Items from a data source:
◇ ◇ ◇ ◇ ◇ ◇ ◇
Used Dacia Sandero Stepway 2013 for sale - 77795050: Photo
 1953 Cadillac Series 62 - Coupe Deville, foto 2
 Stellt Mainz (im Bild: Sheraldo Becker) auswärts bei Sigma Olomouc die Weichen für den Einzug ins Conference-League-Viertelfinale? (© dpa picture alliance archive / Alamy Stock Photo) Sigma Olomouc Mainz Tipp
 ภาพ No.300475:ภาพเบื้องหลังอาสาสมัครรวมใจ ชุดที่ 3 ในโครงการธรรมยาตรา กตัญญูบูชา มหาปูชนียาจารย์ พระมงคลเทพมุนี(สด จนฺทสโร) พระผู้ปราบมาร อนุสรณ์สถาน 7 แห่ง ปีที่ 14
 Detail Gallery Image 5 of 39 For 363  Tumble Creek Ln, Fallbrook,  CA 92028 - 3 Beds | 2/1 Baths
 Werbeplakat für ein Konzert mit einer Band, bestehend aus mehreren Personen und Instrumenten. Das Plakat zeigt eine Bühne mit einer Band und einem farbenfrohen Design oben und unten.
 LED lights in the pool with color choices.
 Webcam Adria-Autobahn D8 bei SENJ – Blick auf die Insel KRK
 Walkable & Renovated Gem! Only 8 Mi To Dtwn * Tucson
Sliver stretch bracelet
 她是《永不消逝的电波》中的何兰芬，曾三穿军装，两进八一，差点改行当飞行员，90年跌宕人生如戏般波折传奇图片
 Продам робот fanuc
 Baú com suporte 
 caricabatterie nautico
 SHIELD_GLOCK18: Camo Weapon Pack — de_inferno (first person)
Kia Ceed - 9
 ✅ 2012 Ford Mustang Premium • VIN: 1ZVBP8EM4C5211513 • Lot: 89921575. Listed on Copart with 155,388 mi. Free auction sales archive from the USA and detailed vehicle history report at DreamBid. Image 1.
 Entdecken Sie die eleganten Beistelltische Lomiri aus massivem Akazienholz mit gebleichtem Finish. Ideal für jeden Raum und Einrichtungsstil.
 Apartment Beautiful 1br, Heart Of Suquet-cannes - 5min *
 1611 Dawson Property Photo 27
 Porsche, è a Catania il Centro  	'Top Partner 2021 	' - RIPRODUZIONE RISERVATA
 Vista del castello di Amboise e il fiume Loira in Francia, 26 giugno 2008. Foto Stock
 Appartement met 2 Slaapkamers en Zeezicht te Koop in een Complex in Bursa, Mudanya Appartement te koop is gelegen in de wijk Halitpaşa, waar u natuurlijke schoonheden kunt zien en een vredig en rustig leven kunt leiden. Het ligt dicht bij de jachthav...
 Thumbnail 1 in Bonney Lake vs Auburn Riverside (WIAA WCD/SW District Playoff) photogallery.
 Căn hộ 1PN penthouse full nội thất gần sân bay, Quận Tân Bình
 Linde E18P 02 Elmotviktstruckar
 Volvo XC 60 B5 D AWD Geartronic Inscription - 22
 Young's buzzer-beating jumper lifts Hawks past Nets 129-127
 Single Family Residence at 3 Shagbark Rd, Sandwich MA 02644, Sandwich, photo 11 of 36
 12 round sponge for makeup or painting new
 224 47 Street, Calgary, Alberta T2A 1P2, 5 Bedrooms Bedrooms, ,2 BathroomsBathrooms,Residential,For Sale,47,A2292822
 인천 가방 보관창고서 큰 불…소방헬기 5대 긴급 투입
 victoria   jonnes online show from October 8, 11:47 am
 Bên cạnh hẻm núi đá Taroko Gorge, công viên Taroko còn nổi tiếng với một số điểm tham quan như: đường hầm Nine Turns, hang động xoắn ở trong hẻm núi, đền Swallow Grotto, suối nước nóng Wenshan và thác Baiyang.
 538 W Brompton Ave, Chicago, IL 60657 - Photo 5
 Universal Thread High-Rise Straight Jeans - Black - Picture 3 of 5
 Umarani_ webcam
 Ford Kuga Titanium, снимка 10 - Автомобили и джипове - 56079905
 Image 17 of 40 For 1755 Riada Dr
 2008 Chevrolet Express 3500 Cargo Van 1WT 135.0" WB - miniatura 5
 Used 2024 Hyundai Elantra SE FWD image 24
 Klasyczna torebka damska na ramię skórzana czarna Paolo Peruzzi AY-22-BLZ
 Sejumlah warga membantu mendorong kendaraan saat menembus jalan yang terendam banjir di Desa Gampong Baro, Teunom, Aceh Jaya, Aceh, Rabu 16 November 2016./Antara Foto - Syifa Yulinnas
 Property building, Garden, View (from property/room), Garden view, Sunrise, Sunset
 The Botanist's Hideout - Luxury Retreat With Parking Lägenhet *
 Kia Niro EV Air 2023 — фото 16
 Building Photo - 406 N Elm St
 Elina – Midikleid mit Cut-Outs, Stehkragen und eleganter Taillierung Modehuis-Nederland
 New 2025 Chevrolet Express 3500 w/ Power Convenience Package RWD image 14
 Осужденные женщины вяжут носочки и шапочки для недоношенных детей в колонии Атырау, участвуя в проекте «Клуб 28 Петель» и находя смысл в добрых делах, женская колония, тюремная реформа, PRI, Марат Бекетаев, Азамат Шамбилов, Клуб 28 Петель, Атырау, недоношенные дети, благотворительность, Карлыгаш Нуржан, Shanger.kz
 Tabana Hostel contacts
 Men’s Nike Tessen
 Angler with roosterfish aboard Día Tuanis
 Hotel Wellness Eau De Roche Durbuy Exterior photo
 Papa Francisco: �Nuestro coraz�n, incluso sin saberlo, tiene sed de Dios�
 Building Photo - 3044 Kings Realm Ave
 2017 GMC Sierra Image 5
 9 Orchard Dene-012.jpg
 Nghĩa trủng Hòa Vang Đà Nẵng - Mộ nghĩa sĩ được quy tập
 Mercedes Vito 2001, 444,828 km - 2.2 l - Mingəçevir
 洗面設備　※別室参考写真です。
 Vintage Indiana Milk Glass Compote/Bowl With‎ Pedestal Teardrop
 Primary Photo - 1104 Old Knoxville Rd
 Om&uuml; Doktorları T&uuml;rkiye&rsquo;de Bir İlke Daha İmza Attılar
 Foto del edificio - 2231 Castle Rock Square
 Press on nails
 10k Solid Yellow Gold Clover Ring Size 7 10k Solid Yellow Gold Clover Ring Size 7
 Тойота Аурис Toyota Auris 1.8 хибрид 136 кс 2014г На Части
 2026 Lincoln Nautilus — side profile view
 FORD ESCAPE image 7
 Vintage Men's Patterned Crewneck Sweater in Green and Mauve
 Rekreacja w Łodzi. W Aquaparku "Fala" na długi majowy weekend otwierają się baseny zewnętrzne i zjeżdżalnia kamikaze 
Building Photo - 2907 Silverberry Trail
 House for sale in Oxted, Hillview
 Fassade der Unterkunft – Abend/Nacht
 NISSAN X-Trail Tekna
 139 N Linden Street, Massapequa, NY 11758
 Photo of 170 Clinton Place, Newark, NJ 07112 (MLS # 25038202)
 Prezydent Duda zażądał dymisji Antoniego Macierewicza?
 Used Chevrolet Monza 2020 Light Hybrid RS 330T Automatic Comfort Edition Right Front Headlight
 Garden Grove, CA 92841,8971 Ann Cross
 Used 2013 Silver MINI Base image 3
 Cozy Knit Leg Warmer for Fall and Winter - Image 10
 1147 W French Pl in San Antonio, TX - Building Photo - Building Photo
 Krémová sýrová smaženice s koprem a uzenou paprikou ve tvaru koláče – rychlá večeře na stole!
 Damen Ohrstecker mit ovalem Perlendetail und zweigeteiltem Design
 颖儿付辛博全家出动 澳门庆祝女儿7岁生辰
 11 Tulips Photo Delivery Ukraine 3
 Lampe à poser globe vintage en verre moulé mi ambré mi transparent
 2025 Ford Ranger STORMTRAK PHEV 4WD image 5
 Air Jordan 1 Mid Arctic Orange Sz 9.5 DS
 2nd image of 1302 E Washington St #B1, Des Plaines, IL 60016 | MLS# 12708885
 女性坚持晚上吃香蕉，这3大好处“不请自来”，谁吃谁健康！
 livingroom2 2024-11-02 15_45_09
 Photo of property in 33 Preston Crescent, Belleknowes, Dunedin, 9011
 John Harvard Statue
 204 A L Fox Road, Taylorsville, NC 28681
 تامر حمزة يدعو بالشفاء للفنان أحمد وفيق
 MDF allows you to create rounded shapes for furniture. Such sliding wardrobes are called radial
◇ ◇ ◇ ◇ ◇ ◇ ◇
If a line in the data above contains the string "Street", count it; then state only the total.

2